There are many buzz words in the training community right now: e-learning, blended learning, knowledge capital, competency mapping, just to name a few.
by Bob Mosher
August 25, 2002
In order to measure ROI you need to be working with something that is treated as an investment in the first place. Expenses are something else altogether, and in and of themselves, they “return” very little. Investments are allowed to mature over time. They are given dollars and resources to support the efforts. They are tracked, reviewed, measured and modified based on their performance. They are communicated to all involved in the outcome. They have buy-in and, typically, top-down support within the organization. They are seen as strategic and are tightly mapped to the goals and initiatives of the organization. Because of this, they are often the last things to be cut during difficult times.
Expenses are seen in quite the opposite light. They are viewed as “necessary evils” and support the more strategic initiatives. They are often the first things to be stopped or cut when times are tough. They are not initially involved in planning and strategic discussions since they are seen as resources to be addressed later.
What is the perception of your training department? How can you help reposition it so that it is seen on the investment side of the ledger sheet?

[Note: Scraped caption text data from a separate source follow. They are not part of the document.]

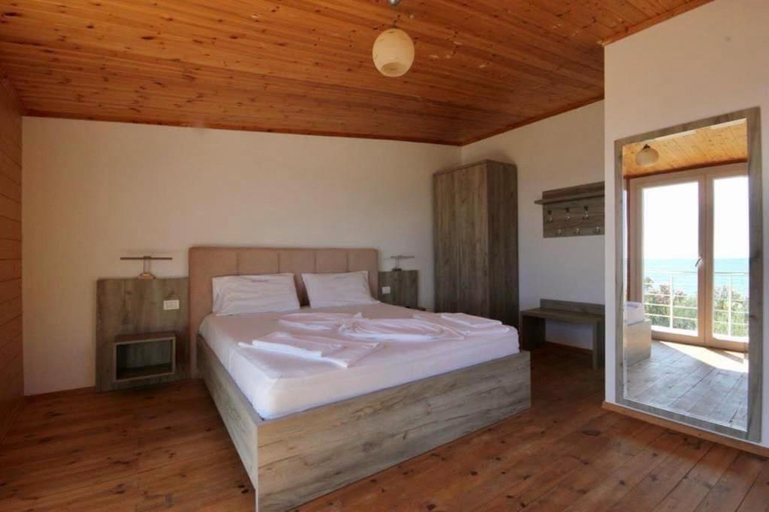 2, House Shengjin, Lezhës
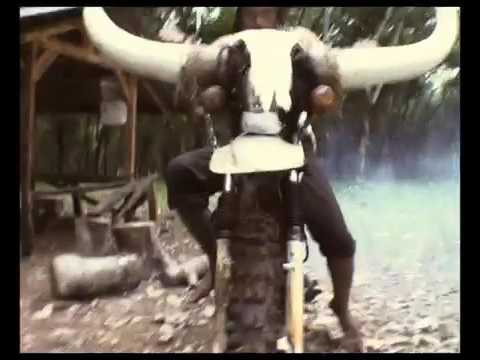Iklan AP Boots Tersiksa Lagi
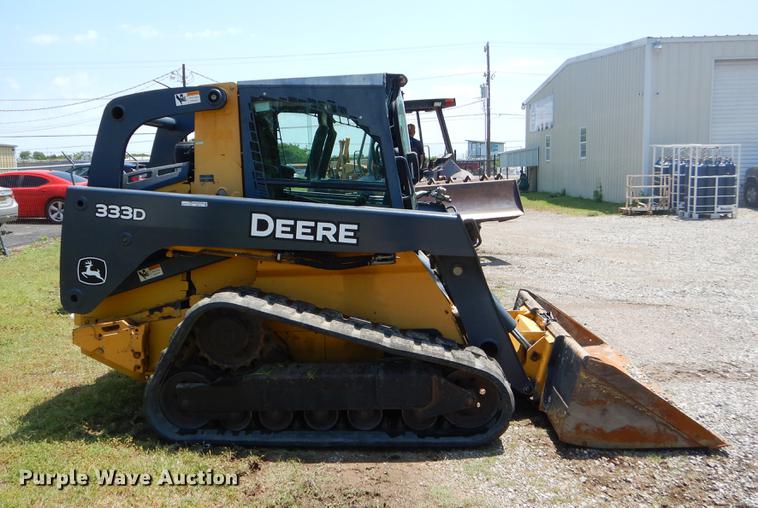 image for item EI9171 2010 John Deere 333D skid steer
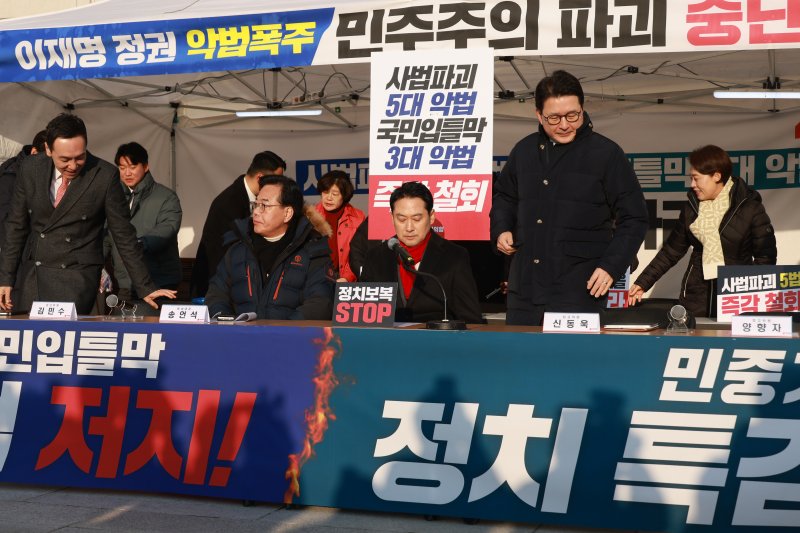 [서울=뉴시스] 고승민 기자 = 국민의힘 장동혁 대표와 송언석 원내대표가 15일 서울 여의도 국회 본관에 마련된 천막에서 열린 최고위원회의에 참석하고 있다. 2025.12.15. kkssmm99@newsis.com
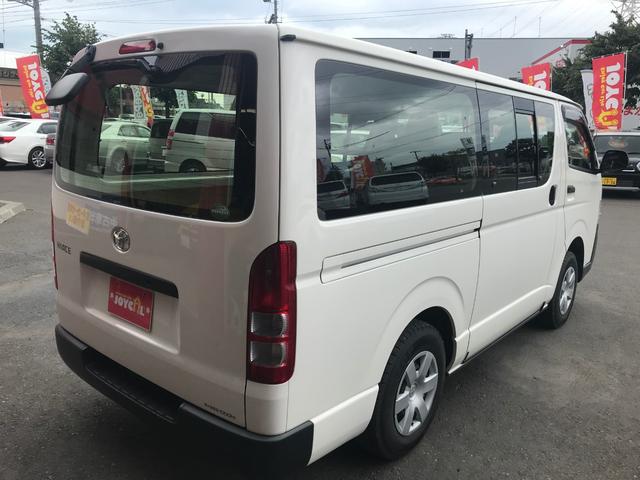 3.0DT 4WD AT Tベルト済 5ドア 3/6人乗り(5枚目)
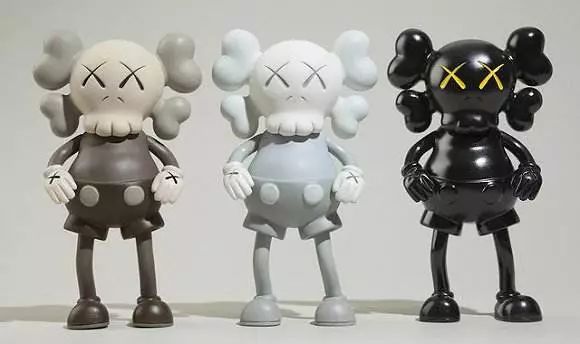 尺码都不看就疯抢,模特身上的扒走!今天一早,济南商场上演“疯抢大片”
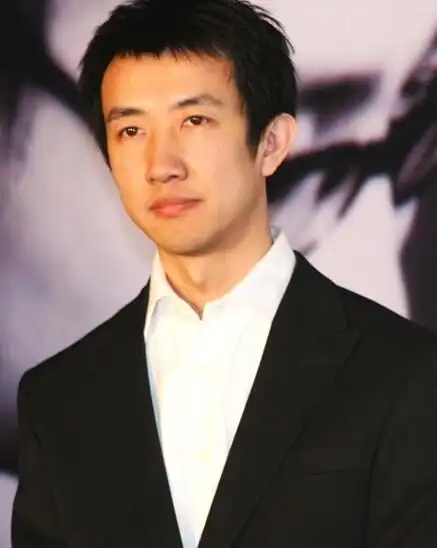 黄秋生演英国剧发狠背台词 称拍得很舒服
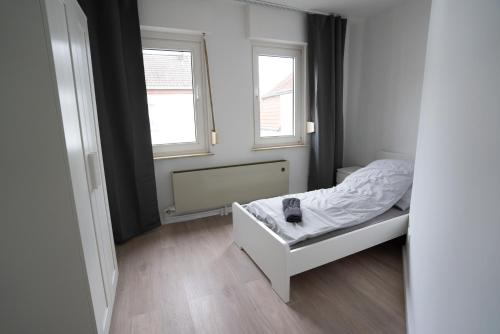 Single Room with Shared Bathroom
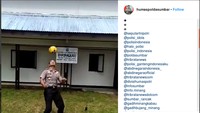 AKBP Rudy Yulianto mengupload videonya yang sedang juggling di akun Instagram @humaspoldasumbar. Video tersebut telah dilihat lebih dari 30 ribu kali. (Dok. Istimewa)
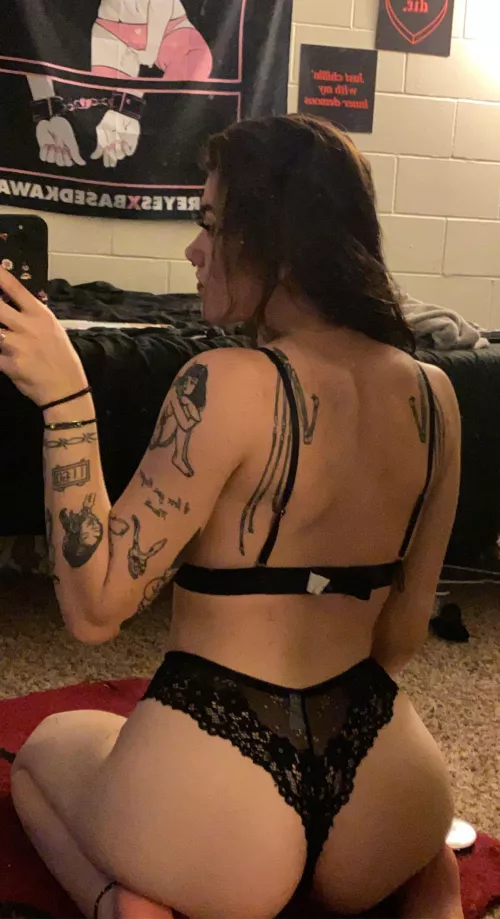 sitting nice n pretty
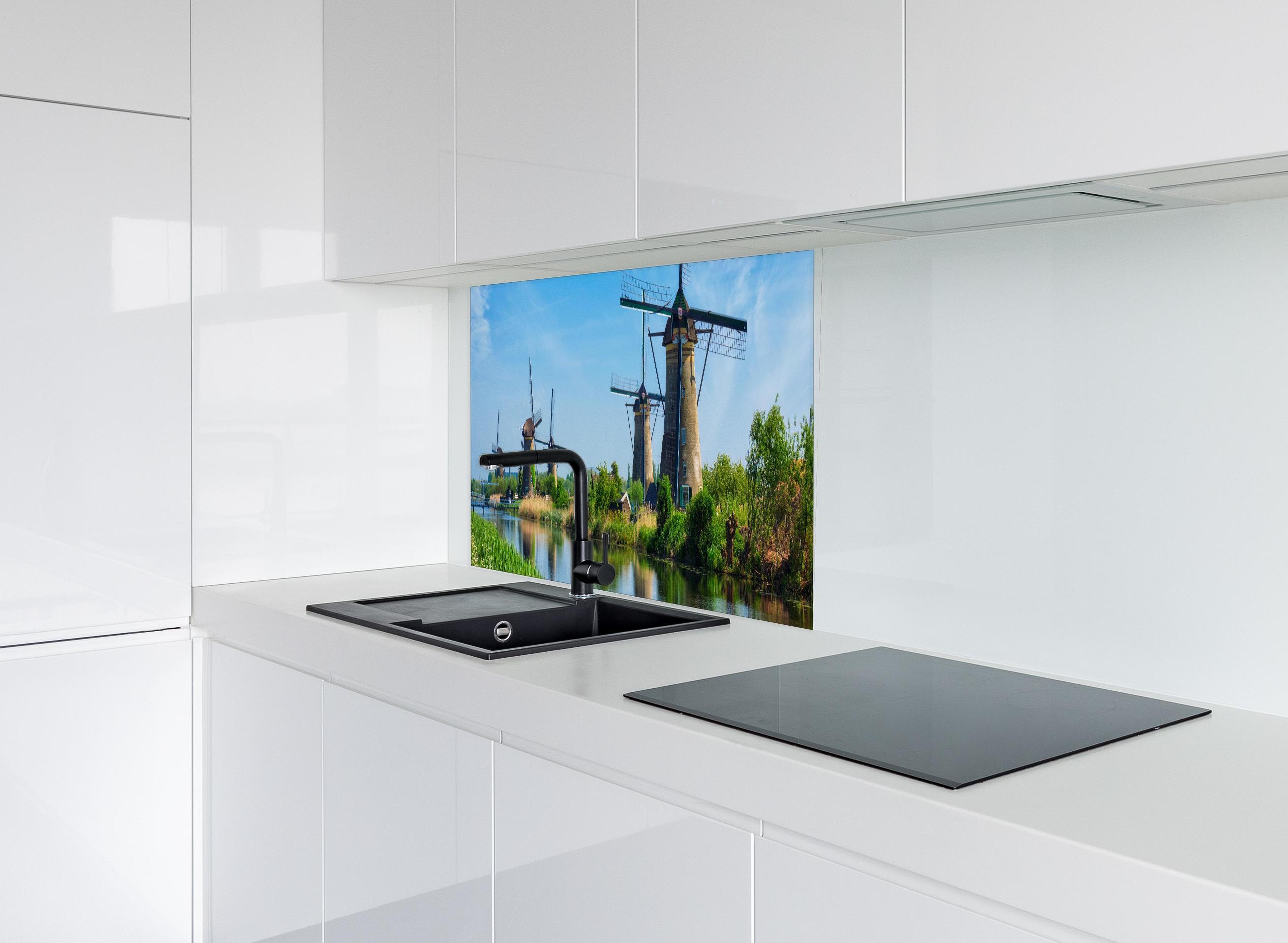 Spritzschutz - Windmühlen in Kinderdijk - Holland hinter modernem schwarz-matten Spülbecken in weißer Hochglanz-Küche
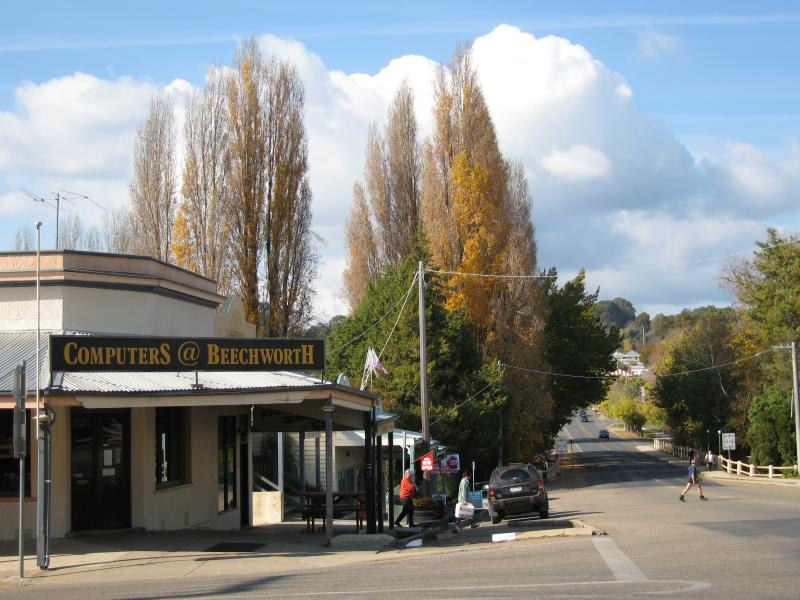 Beechworth - Commercial centre and shops, Ford Street and Camp Street: View south-east along Camp St at High St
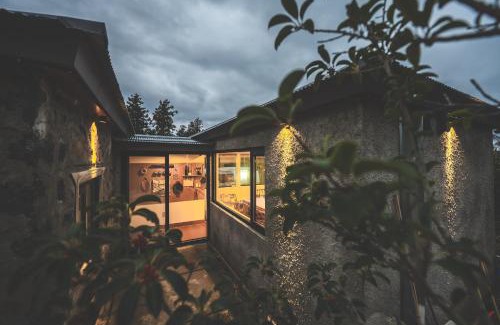 Andeok House | Pet-friendly camping theme house anseongcamp96 by dazayo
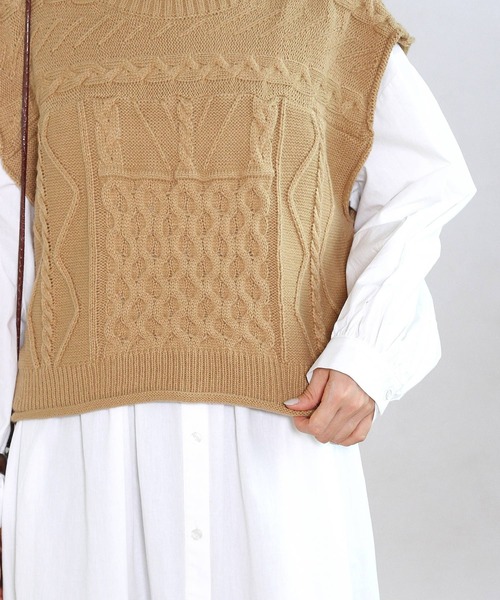 Crisp yours(クリスプユアーズ)の「【WEB限定】ミックスケーブルニットベスト(ベスト・レディース・ベージュ/アイボリー・FREE)」の12枚目の写真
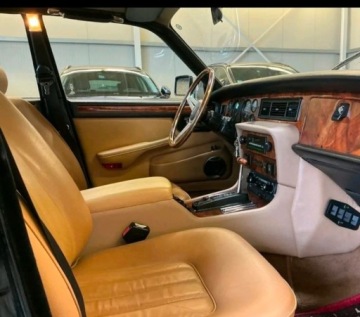 Jaguar XJ III 1980 Jaguar Daimler DOUBLE-SIX VANDEN PLAS 5.3 V12 5.3 Benzyna 295KM, zdjęcie 8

- It starts with how well you have mapped the learning outcomes of your department with business goals and strategic programs within your organization. Although this is the most obvious solution, it is also the most easily misunderstood. Again, it gets back to expense versus investment. One is seen as supporting the process, while the other is seen as integral to the outcome. Training goals need to be repositioned as a part of the “end,” not the means. Too many training objectives deal only with the execution and operational aspect of business outcomes, not the actual business outcome itself.
- A second, related area to consider is the degree to which your training department has made itself visible and available within the organization. Training departments have traditionally been viewed as a reactive solution that is involved after the strategic planning has been completed. Training needs to step up proactively and make itself heard and involved much earlier in the organization’s planning process. Create communication channels and relationships that help make training much more accessible. Help managers understand the value of including training earlier. Show how much more effective learning can be when it’s mapped to initiatives and projects in the early planning stages rather then later. Share statistics and research that support this perspective. I know of a training department that took this to the extreme, scheduling “rounds” for their trainers. Trainers would “walk” certain departments. Eventually, they became an integral part of these departments.
ROI is all about understanding how valuable an investment has been, and can become. Training has lived in the expense side of too many companies for too long. It’s up to each CLO and training manager to change that perception so true ROI can be measured. Only then will training be evaluated and modified to do all it can for an organization.